Pride and Prejudice Marriage Quotes

Elizabeth was much too embarrassed to say a word. After a short pause, her companion added, "You are too generous to trifle with me. If your feelings are still what they were last April, tell me so at once. My affections and wishes are unchanged, but one word from you will silence me on this subject forever." Elizabeth feeling all the more than common awkwardness and anxiety of his situation, now forced herself to speak; and immediately, though not very fluently, gave him to understand, that her sentiments had undergone so material a change, since the period to which he alluded, as to make her receive with gratitude and pleasure, his present assurances.

– Jane Austen

Pride and Prejudice, Chapter 58. If at first your don’t succeed…the climax of Austen’s classic story of love and misunderstanding arrives with Mr. Darcy’s famous second proposal and Elizabeth’s acceptance of it. Moments before Elizabeth learned that Darcy intervened to save Lydia because of his affection for Elizabeth. She is speechless with embarrassment, and Darcy uses the opportunity to propose again. Elizabeth clearly wasn’t ready to receive Darcy’s first proposal and his declaration of "how ardently I admire and love you." That proposal was also clumsily presented by Darcy, who spoke of how he struggled to repress his feelings and referred to Elizabeth’s inferior social position and family obstacles. But what an insulted Elizabeth didn’t understand then was that Darcy was trying to explain how he loved her in spite of her position and family connections. The second time round when Darcy proposes and Elizabeth accepts, it is more a conversation of equals instead of one or the other thinking that they are superior. Class is not a barrier. Also Darcy’s less prideful second proposal suggests no expectation on his part that Elizabeth will automatically accept him, as clearly was the expectation first time round. Elizabeth sees Darcy in a different light now as well, her stubbornness and prejudice against him having given way to a deeper understanding of his true character: honest and noble and a person of integrity. She has matured and grown to this point where she is ready to accept him.
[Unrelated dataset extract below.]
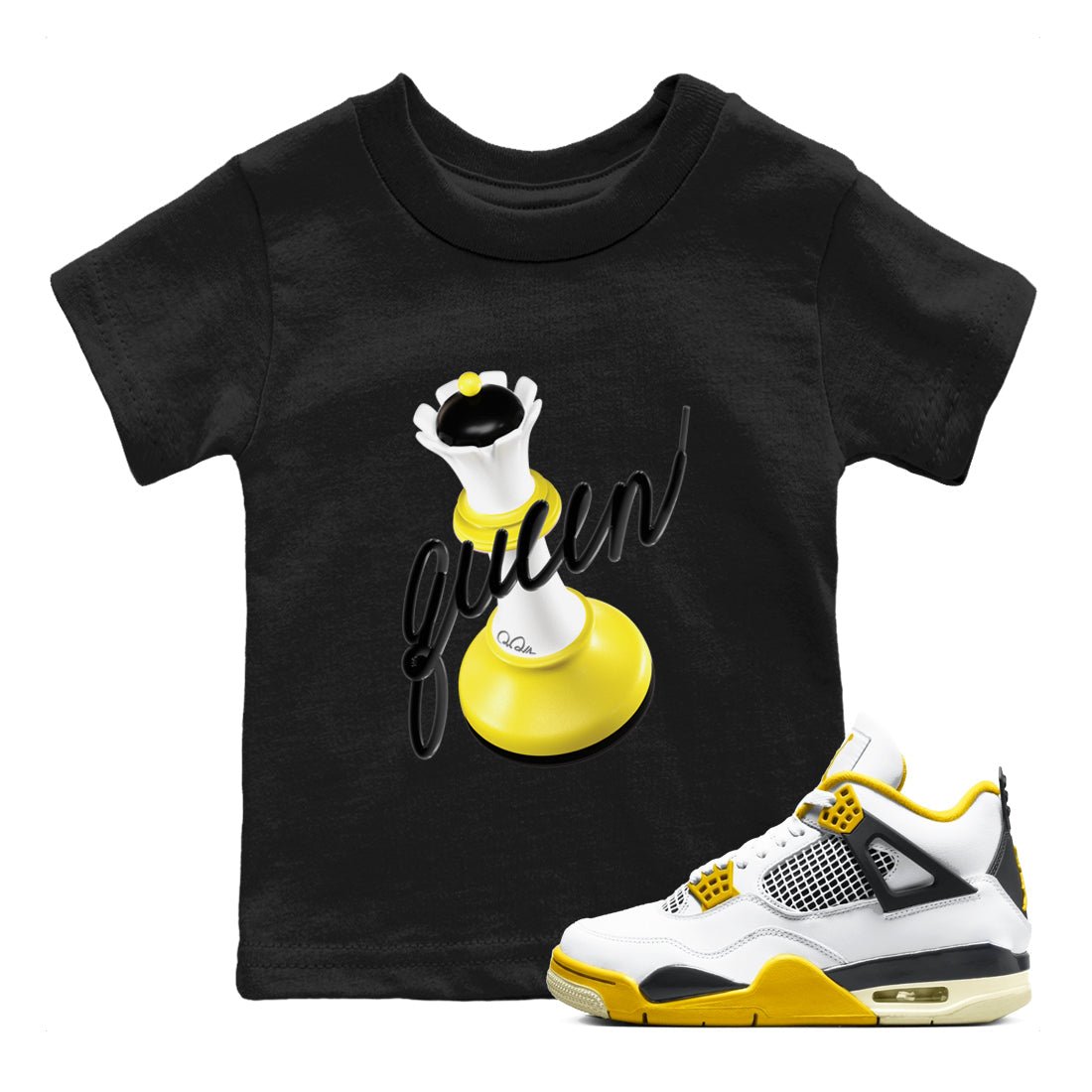 AJ4 Vivid Sulfur shirt to match jordans 3D Queen sneaker tees Air Jordan 4 Vivid Sulfur SNRT sneaker release tees baby toddler Black 1 cotton Shirt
Good gracious! Lord bless me! only think! dear me! Mr. Darcy! Who would have thought it? And is it really true? Oh! my sweetest Lizzy! how rich and great you will be! What pin-money, what jewels, what carriages you will have! Jane’s is nothing to it – nothing at all. I am so pleased – so happy. Such a charming man! – so handsome! so tall! Oh, my dear Lizzy! Pray apologize for my having disliked him so much before. I hope he will overlook it. Dear, dear Lizzy. A house in town! Everything that is charming!…Ten thousand a year, and very likely more! ‘Tis as good as a Lord!

– Jane Austen

Pride and Prejudice, Chapter 59. A giddy Mrs. Bennet rhapsodizes over Elizabeth’s engagement to Mr. Darcy, hardly able to believe her ears when her daughter announces the good news. She is ecstatic that Elizabeth is going to be rich, even richer than Jane. Her previous dislike of Mr. Darcy all of a sudden vanishes. The person she once described as "a most disagreeable, horrid man" is now "charming" and "handsome." Of course Darcy’s considerable wealth buys a lot of credit with Mrs. Bennet, it is his ten thousand a year income that she finds most attractive in him – "as good as a Lord!" For Mrs. Bennet, pin-money, jewels and carriages are what make Darcy and her daughter a good match. At the beginning of the novel we learned that the business of Mrs. Bennet’s life was to see her daughters married. Now with three of them finding husbands, one of the novel’s most mocked characters has achieved much of what she set out to do.